> **Material provided**:
* * * * * * * * *

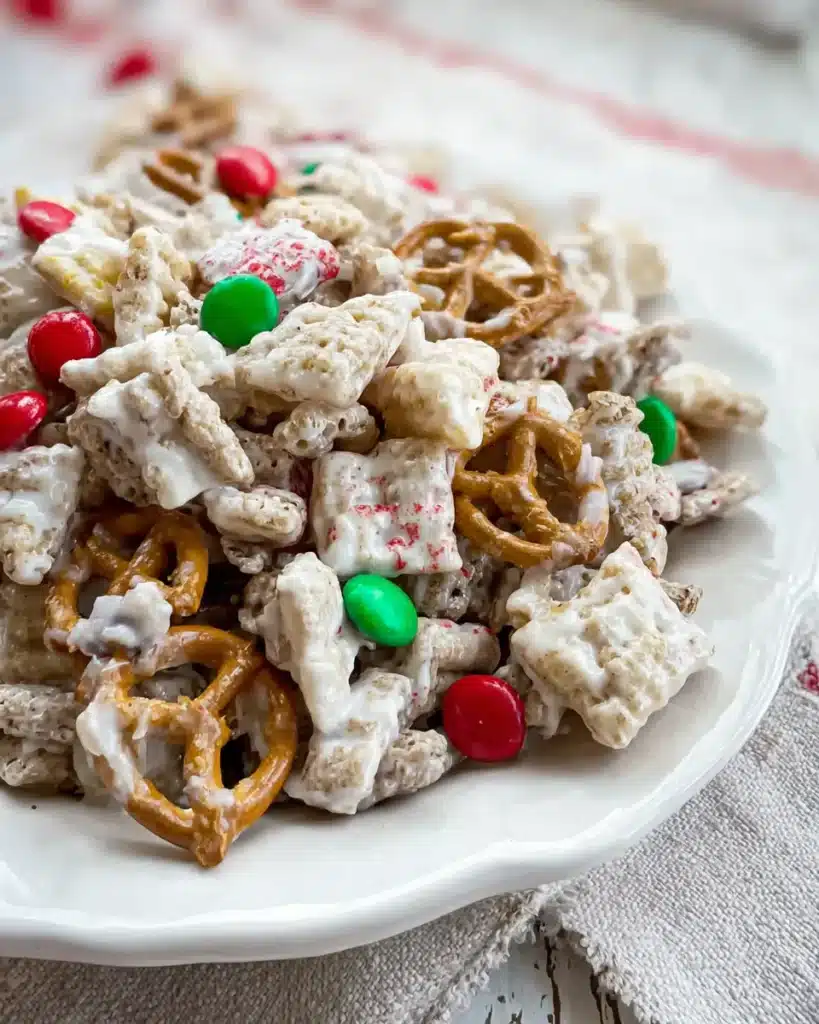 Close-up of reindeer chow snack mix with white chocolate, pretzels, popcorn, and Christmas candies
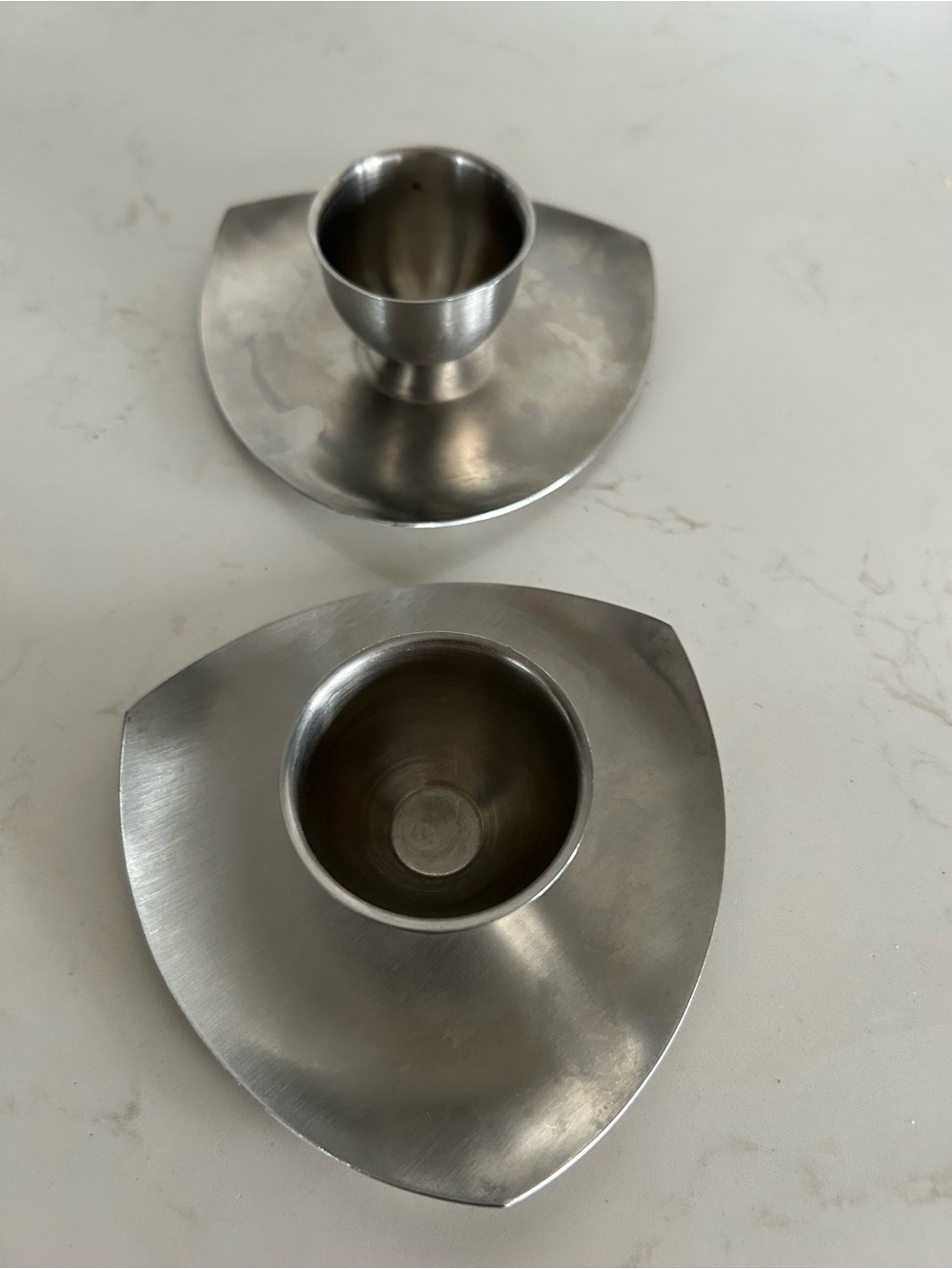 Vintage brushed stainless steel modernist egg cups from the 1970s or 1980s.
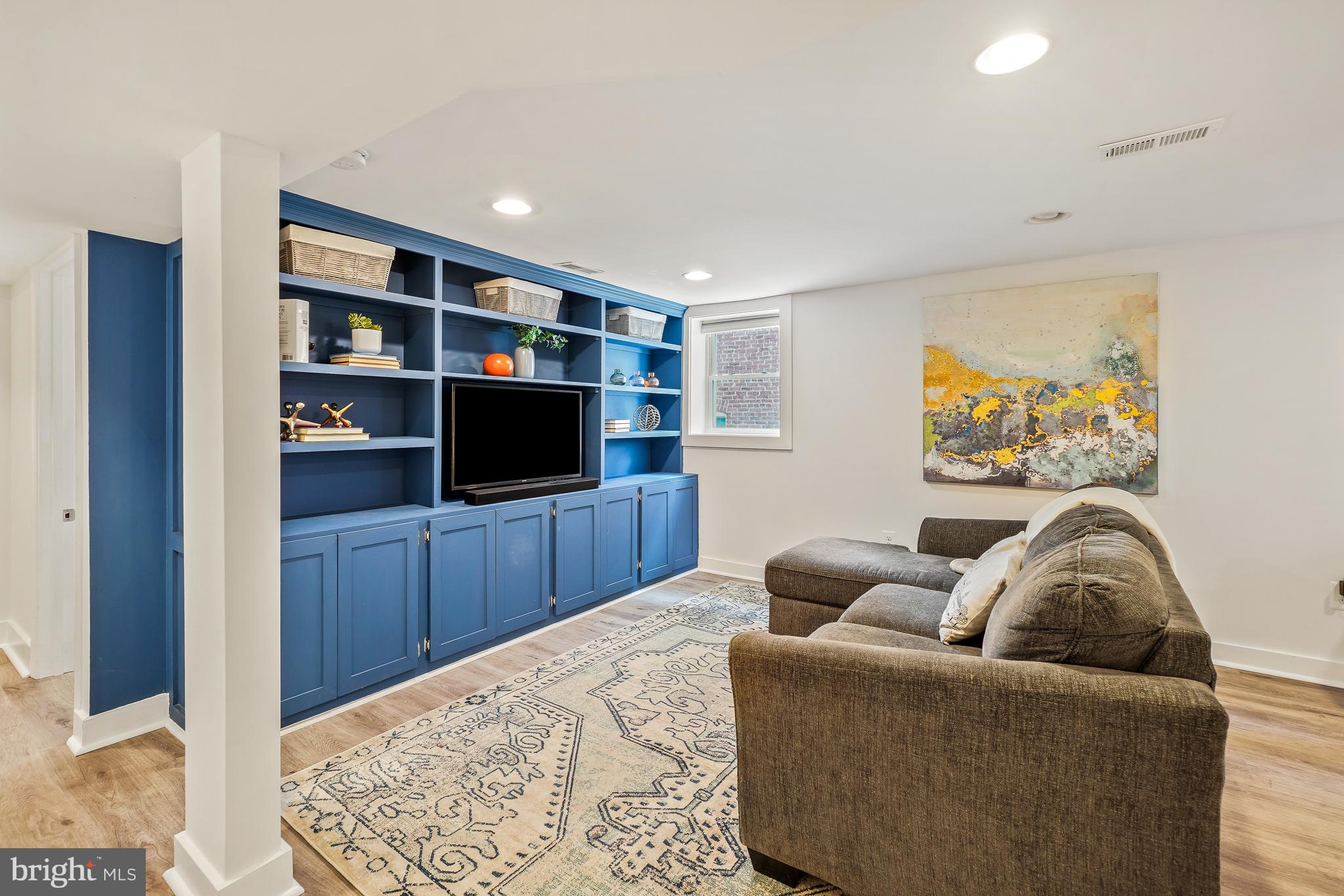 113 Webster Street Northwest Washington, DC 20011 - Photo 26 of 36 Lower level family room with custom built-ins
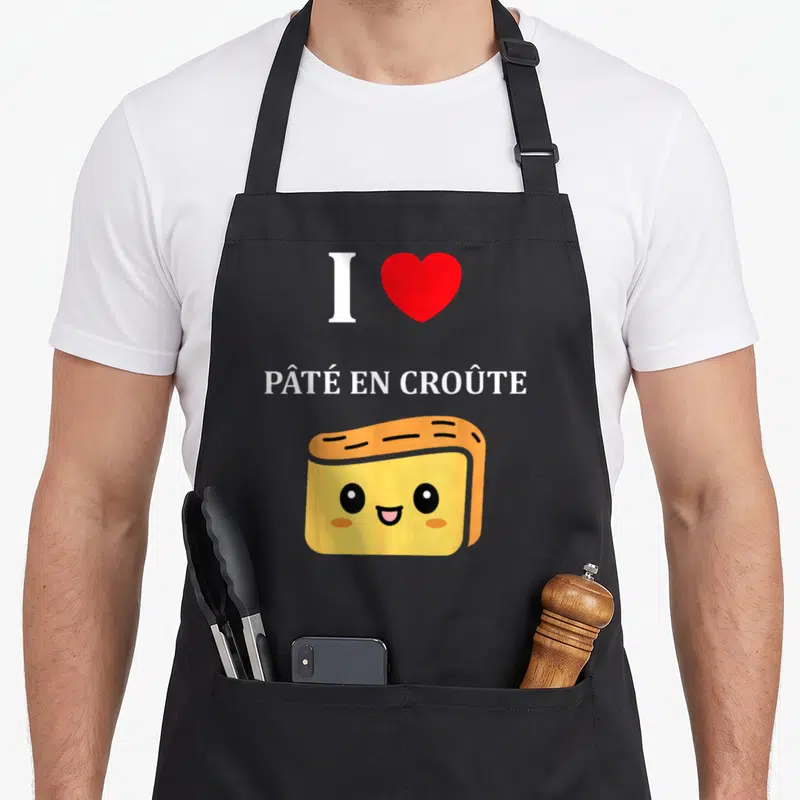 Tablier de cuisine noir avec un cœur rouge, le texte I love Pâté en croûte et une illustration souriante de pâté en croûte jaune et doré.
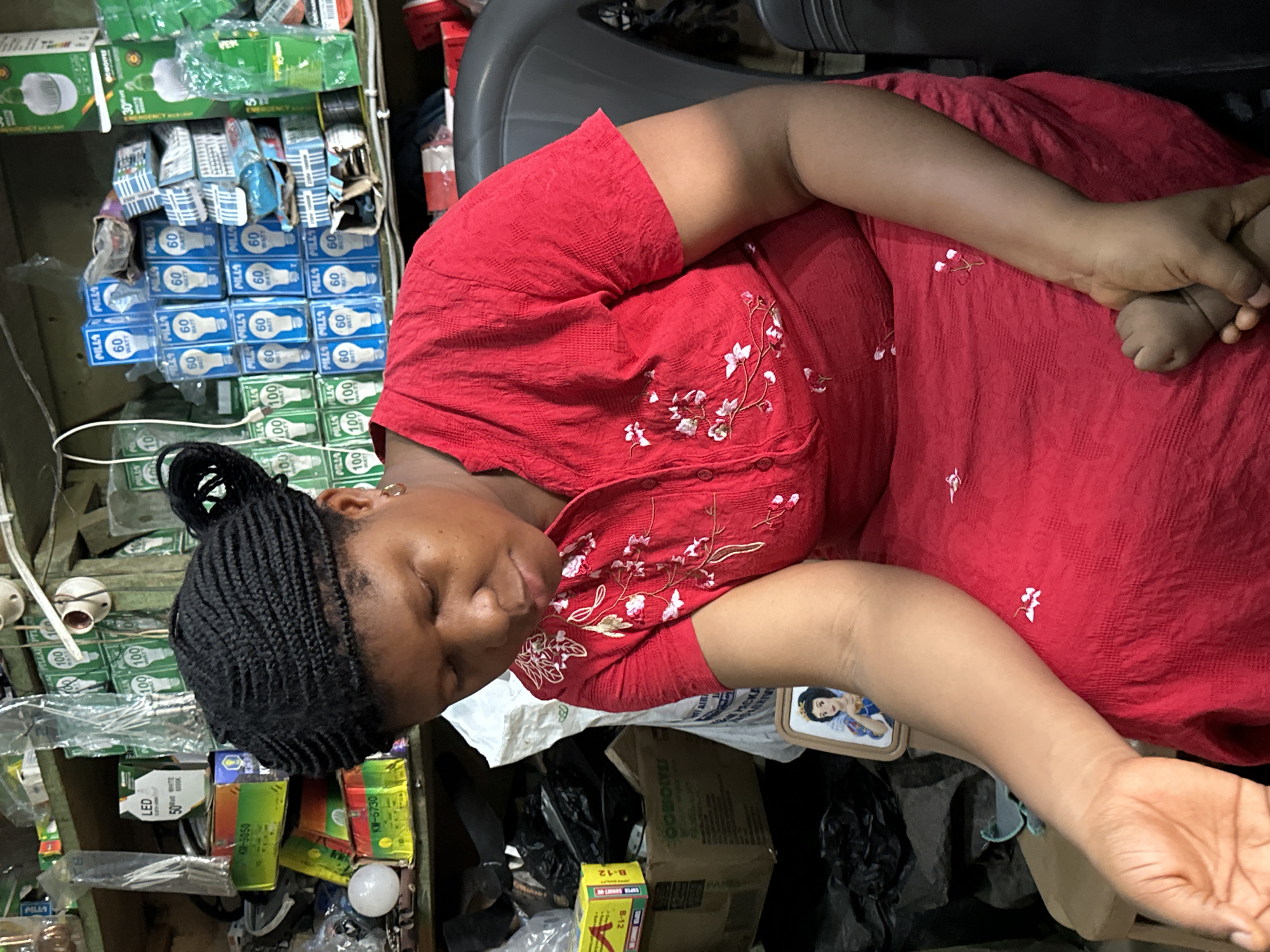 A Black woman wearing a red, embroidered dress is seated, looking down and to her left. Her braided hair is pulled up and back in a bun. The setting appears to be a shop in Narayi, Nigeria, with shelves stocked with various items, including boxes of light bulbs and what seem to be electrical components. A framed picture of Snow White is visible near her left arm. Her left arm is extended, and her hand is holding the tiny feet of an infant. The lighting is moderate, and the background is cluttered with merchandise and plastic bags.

* * * * * * * * *

> **Directions for this task**: Send back every line above exactly, skipping all pictures.

> **Answer for the task**:
 Close-up of reindeer chow snack mix with white chocolate, pretzels, popcorn, and Christmas candies
 Vintage brushed stainless steel modernist egg cups from the 1970s or 1980s.
 113 Webster Street Northwest Washington, DC 20011 - Photo 26 of 36 Lower level family room with custom built-ins
 Tablier de cuisine noir avec un cœur rouge, le texte I love Pâté en croûte et une illustration souriante de pâté en croûte jaune et doré.
 A Black woman wearing a red, embroidered dress is seated, looking down and to her left. Her braided hair is pulled up and back in a bun. The setting appears to be a shop in Narayi, Nigeria, with shelves stocked with various items, including boxes of light bulbs and what seem to be electrical components. A framed picture of Snow White is visible near her left arm. Her left arm is extended, and her hand is holding the tiny feet of an infant. The lighting is moderate, and the background is cluttered with merchandise and plastic bags.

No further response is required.